I've always found the beginning and end of a book easiest to write. That big hunk in the middle has often left me feeling I can't write my name in the dirt with a stick and I'm the most boring person alive. Neither applies to you. Hang in there!

Monica Ferris said...

I fuss and fume over the beginning big time, don't have too much trouble with the middle, and skate happily over the ending. Different strokes, I guess.

Linda O. Johnston said...

You've got a lot on your plate, Monica. Patience, perseverance, and I'm sure Buttons and Bones will get where you want it to soon.

I'm looking forward (?) to my first electronically notated manuscript. It should be somewhat, at least, like a redlined legal document--I hope.

Monica Ferris said...

Let me know what it's like, Linda. That will be an interesting thing to learn.

Sheila Connolly said...

Sure, and we all remember Fibber McGee and Molly. Oops, I guess I do, at least second-hand--my grandmother had a "Fibber McGee closet".

I agree with Julie--the beginning is exciting, and you know where the end is, but oh, that gaping middle! I couldn't possibly string together enough words to fill it. Until I do.
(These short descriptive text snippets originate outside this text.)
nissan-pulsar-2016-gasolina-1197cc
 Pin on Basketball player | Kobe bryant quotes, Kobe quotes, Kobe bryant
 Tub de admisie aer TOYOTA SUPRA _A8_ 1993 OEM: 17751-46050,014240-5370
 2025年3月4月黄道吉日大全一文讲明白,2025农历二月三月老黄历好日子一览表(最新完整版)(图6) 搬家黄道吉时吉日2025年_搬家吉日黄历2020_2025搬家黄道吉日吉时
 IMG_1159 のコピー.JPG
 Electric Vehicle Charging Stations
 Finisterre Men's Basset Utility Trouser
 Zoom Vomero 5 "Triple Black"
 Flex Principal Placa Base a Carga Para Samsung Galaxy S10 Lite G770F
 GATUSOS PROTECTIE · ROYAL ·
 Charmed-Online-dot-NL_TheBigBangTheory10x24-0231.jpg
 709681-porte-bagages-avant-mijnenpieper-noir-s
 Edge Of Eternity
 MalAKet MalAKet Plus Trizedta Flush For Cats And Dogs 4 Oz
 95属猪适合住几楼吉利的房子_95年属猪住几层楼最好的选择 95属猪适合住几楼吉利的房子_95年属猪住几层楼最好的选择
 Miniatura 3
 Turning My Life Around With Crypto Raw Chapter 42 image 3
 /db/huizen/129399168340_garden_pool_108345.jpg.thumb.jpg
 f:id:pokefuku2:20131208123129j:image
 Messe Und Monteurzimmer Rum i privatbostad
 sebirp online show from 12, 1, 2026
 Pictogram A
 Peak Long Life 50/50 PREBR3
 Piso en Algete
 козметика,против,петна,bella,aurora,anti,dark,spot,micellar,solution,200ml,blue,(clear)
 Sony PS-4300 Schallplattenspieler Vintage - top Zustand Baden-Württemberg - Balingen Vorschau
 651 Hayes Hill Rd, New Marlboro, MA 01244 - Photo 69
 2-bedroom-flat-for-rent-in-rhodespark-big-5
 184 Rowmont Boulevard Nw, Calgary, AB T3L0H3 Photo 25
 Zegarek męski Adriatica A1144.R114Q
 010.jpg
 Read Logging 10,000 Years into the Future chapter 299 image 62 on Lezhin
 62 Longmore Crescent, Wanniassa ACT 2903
Joanna Campbell Slan said...

Monica, I know I fear "saggy" middles. They are the beast we must conquer, right? You have so much going on with your life. I'll keep you in my prayers.

Julie (aka Lucy Hamilton) said...

Everybody's system is different, which is hard to get across to aspiring writers when speaking. They all want to know "the trick," and, of course, there isn't one. I can't even define the characters in a book until I've written 2-3chapters and have watched them and listened to them. The trouble is that feeling that I have nowhere near enough plot to fill up the middle. Until, as Sheila says, I've filled it up and now the book is running long.

Betty Hechtman said...

Monica, I always like your posts about what is happening in your life. I'm glad your eyes are getting better. It must be a relief.

I guess I'm going to be getting the same kind of notated manuscript. Maybe the corrections will show up better.

Camille Minichino said...

I twitter and Facebook and a few others -- I teach the history of technology and can't help making a parallel with so many "unwelcome" inventions over the centuries.

At the beginning of telephone technology, e.g., the US congress did not allow telephones in representatives offices since it would discourage them from walking down the hall for a face to face! Hmm, maybe there's something to that.

I admit that I embrace a lot of new technology simply so I won't be left behind.